Task to complete>
The only acceptable output is every entry, printed exactly.

** Listed entries follows **

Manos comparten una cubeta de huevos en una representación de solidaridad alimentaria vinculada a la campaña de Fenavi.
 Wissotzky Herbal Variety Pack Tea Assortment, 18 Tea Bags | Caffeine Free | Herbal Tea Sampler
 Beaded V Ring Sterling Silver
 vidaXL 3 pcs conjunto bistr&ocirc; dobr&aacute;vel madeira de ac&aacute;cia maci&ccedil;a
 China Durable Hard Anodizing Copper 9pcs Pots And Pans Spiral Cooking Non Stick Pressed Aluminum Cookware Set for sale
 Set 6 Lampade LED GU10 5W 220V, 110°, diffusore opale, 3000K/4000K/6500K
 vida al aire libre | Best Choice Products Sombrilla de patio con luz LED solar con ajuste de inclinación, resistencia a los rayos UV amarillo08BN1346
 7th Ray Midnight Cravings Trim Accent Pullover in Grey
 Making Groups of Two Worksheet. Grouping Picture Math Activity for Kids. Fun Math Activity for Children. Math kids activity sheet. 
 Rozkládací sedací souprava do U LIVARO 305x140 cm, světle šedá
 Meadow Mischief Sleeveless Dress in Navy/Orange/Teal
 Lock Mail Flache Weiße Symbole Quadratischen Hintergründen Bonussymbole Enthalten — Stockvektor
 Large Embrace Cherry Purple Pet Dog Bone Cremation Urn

** End of Listed entries **

Task response>
Manos comparten una cubeta de huevos en una representación de solidaridad alimentaria vinculada a la campaña de Fenavi.
 Wissotzky Herbal Variety Pack Tea Assortment, 18 Tea Bags | Caffeine Free | Herbal Tea Sampler
 Beaded V Ring Sterling Silver
 vidaXL 3 pcs conjunto bistr&ocirc; dobr&aacute;vel madeira de ac&aacute;cia maci&ccedil;a
 China Durable Hard Anodizing Copper 9pcs Pots And Pans Spiral Cooking Non Stick Pressed Aluminum Cookware Set for sale
 Set 6 Lampade LED GU10 5W 220V, 110°, diffusore opale, 3000K/4000K/6500K
 vida al aire libre | Best Choice Products Sombrilla de patio con luz LED solar con ajuste de inclinación, resistencia a los rayos UV amarillo08BN1346
 7th Ray Midnight Cravings Trim Accent Pullover in Grey
 Making Groups of Two Worksheet. Grouping Picture Math Activity for Kids. Fun Math Activity for Children. Math kids activity sheet. 
 Rozkládací sedací souprava do U LIVARO 305x140 cm, světle šedá
 Meadow Mischief Sleeveless Dress in Navy/Orange/Teal
 Lock Mail Flache Weiße Symbole Quadratischen Hintergründen Bonussymbole Enthalten — Stockvektor
 Large Embrace Cherry Purple Pet Dog Bone Cremation Urn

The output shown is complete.